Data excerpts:
• • • •
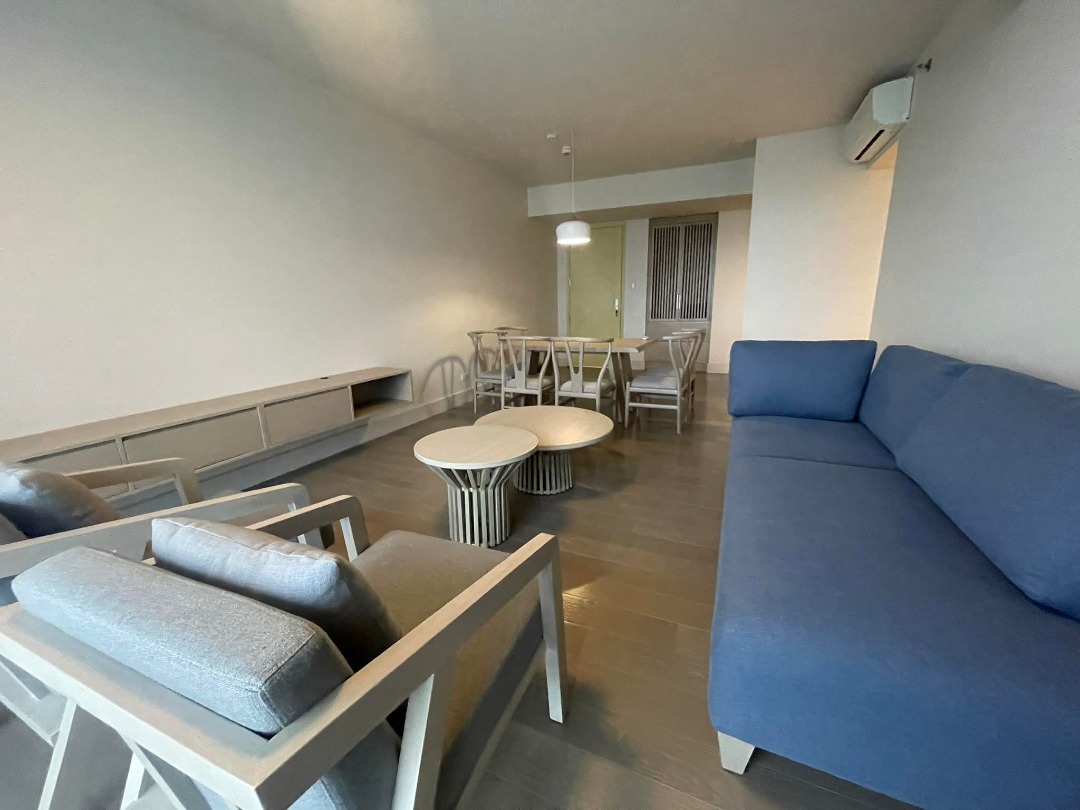 (Category: ) located in . Submitted by hvp.realtyinc (Listing ID 1461978000, Image 1). Description: .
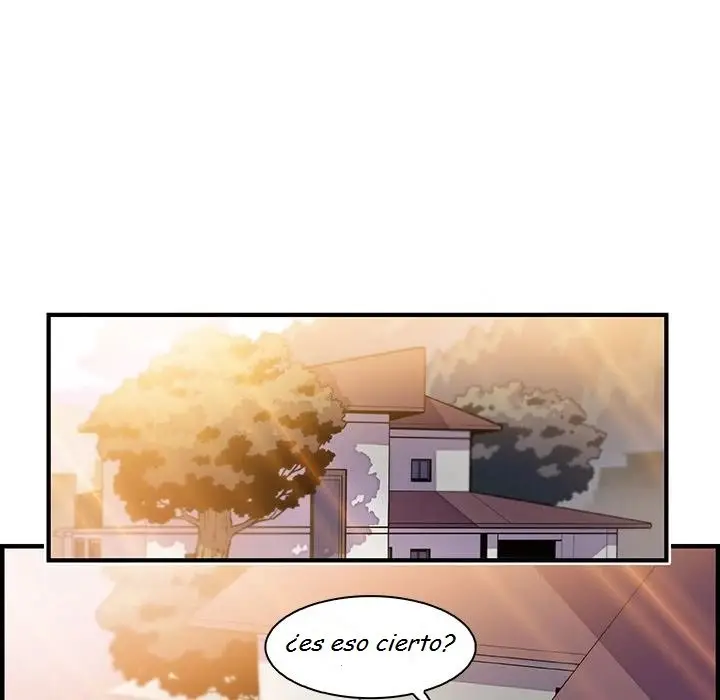 Our Complications - Capítulo 48 - Página 89 - LectorTMOo
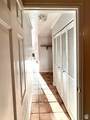 2124 Ridgewood Way - Photo 57
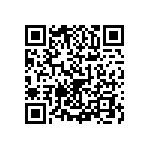 1206Y2000153JDT QRCode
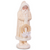 Ivory Santa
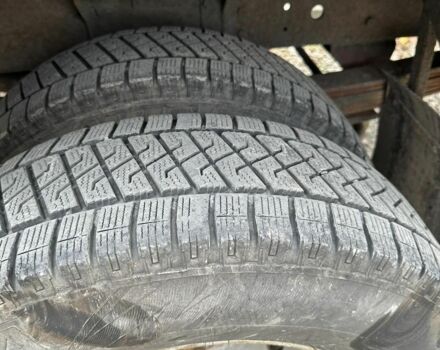 Ивеко Другая, объемом двигателя 0 л и пробегом 0 тыс. км за 6900 $, фото 4 на Automoto.ua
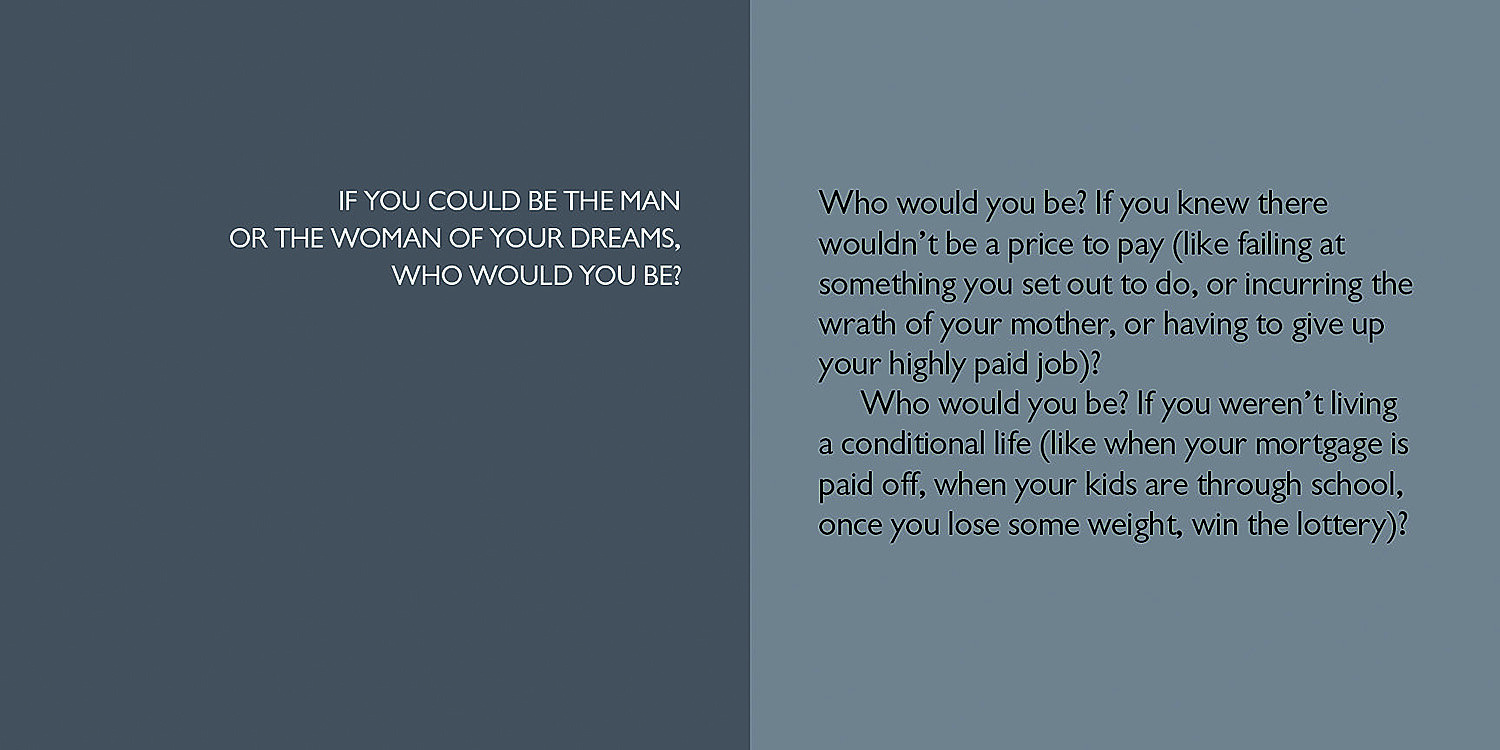 NNALM_9x9 text pages 8_17_10_SPRD60.jpg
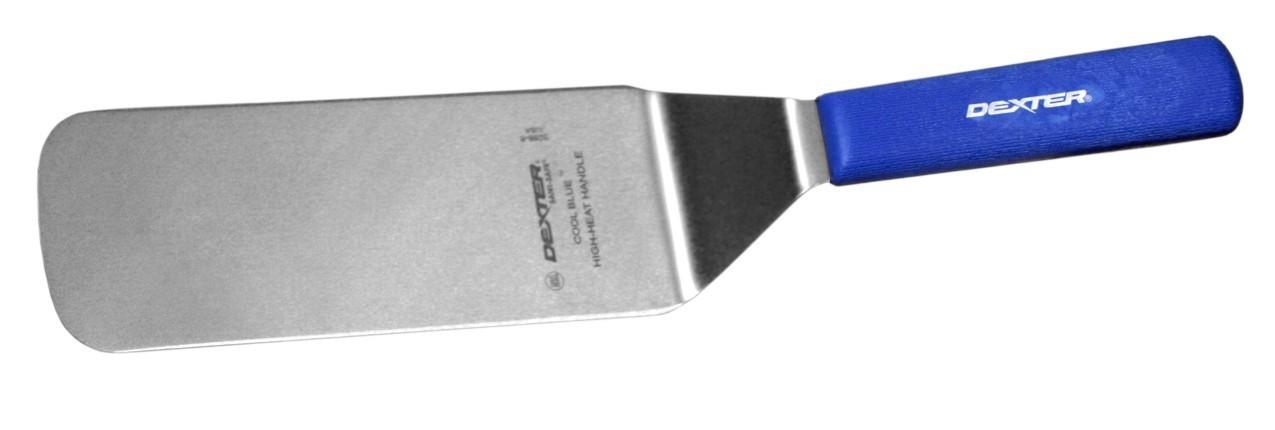 Product gallery 866772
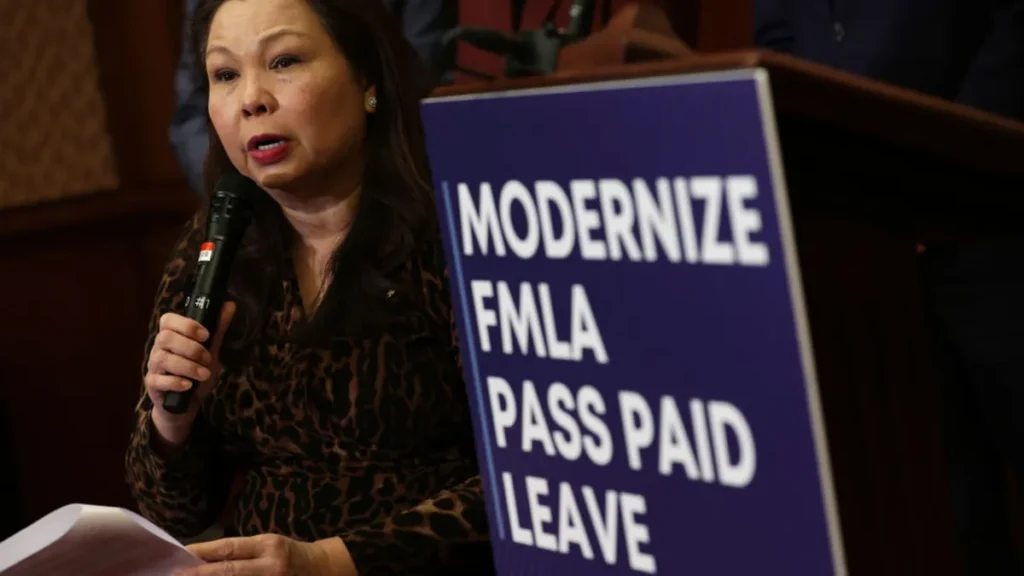 employers-inability-to-justify-termination-over-retained-comparator-paves-way-for-fmla-retaliation-claim-in-michigan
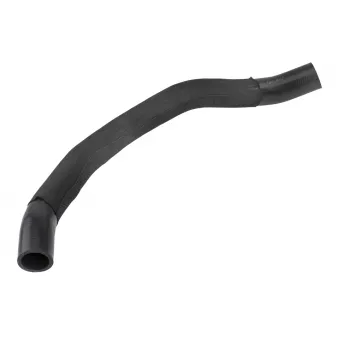 Durite de radiateur TEKNÖR CPP-ME-051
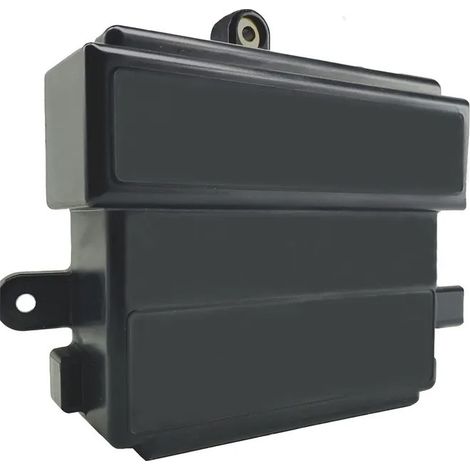 3316348900 3316348.900 Pièces de rechange pour carte de module d'alimentation, haute performance, adaptées aux réfrigérateurs Dometic RV.
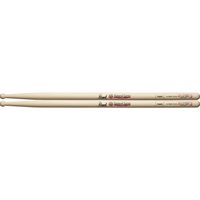 106NH [Natural Series / Hickory]
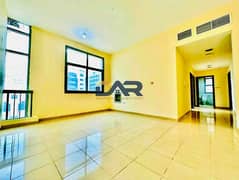 شقة في شعبية 09،مجتمع المصفح،مدينة محمد بن زايد 2 غرف 73000 درهم - 12145950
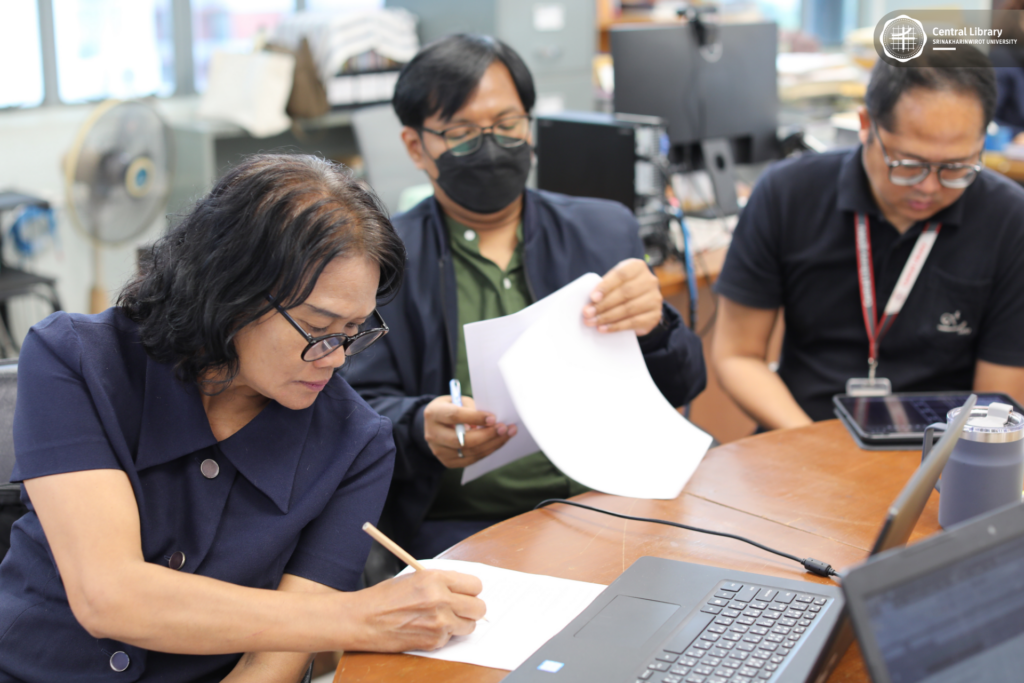 Internal Audit ISO 9001-2015 ปี 69 (34)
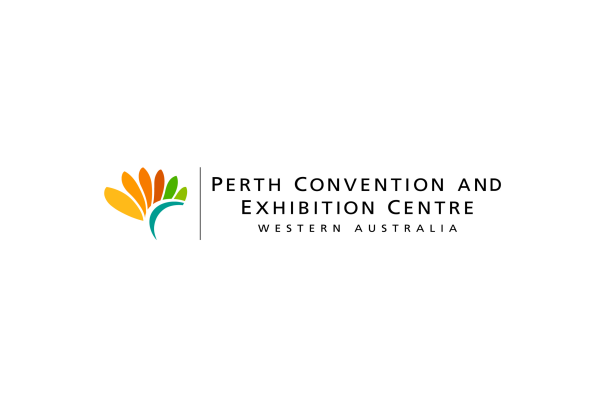 meet-perth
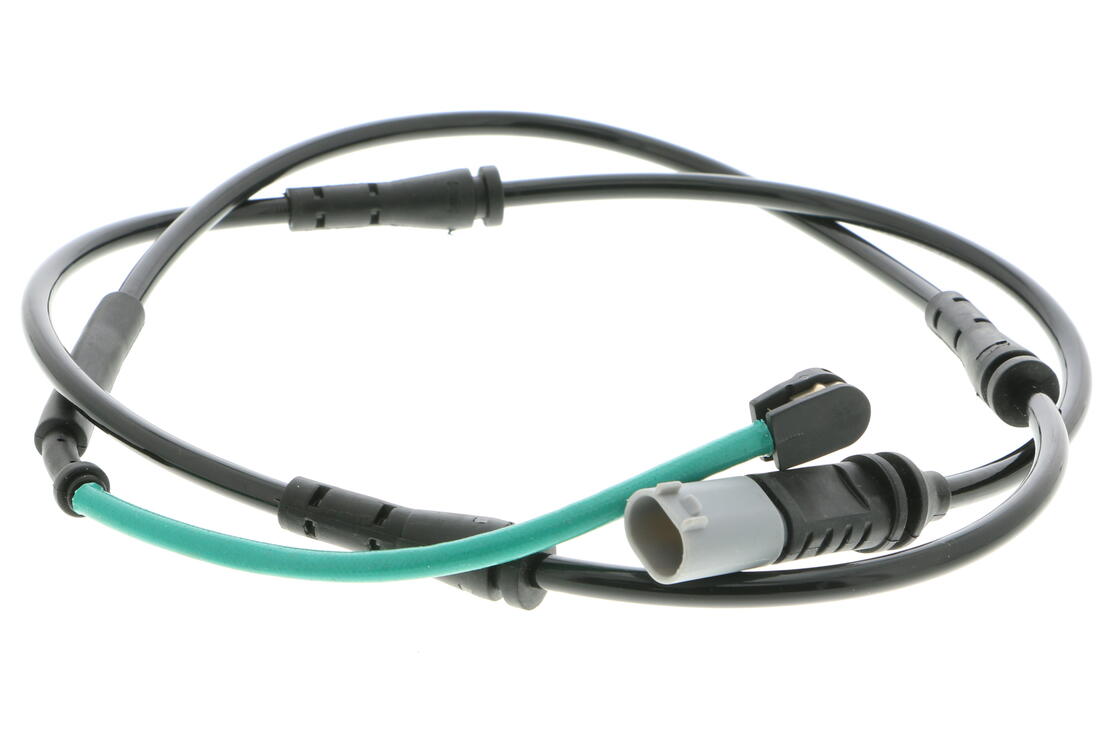 VEMO V20-72-0032 Warning Contact, Brake Pad Wear | ML Performance Car Parts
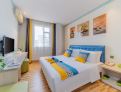 room overview picture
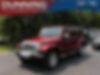 1C4HJWEG1CL108946-2012-jeep-wrangler-unlimited-0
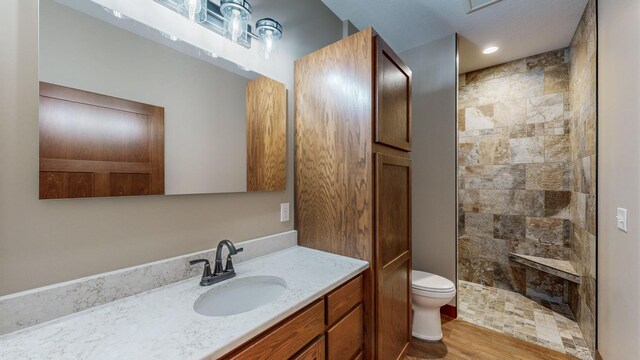 347 5th Ave NE, Mazeppa, MN 55956 - photo 23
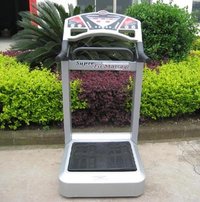 Super Fit Massager With 1000Watt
• • • •
- To do -
Leave the pictures aside and output each entry exactly as it stands.

- Task answer -
 (Category: ) located in . Submitted by hvp.realtyinc (Listing ID 1461978000, Image 1). Description: .
 Our Complications - Capítulo 48 - Página 89 - LectorTMOo
 2124 Ridgewood Way - Photo 57
 1206Y2000153JDT QRCode
 Ivory Santa
 Ивеко Другая, объемом двигателя 0 л и пробегом 0 тыс. км за 6900 $, фото 4 на Automoto.ua
 NNALM_9x9 text pages 8_17_10_SPRD60.jpg
 Product gallery 866772
 employers-inability-to-justify-termination-over-retained-comparator-paves-way-for-fmla-retaliation-claim-in-michigan
 Durite de radiateur TEKNÖR CPP-ME-051
 3316348900 3316348.900 Pièces de rechange pour carte de module d'alimentation, haute performance, adaptées aux réfrigérateurs Dometic RV.
 106NH [Natural Series / Hickory]
 شقة في شعبية 09،مجتمع المصفح،مدينة محمد بن زايد 2 غرف 73000 درهم - 12145950
 Internal Audit ISO 9001-2015 ปี 69 (34)
 meet-perth
 VEMO V20-72-0032 Warning Contact, Brake Pad Wear | ML Performance Car Parts
 room overview picture
 1C4HJWEG1CL108946-2012-jeep-wrangler-unlimited-0
 347 5th Ave NE, Mazeppa, MN 55956 - photo 23
 Super Fit Massager With 1000Watt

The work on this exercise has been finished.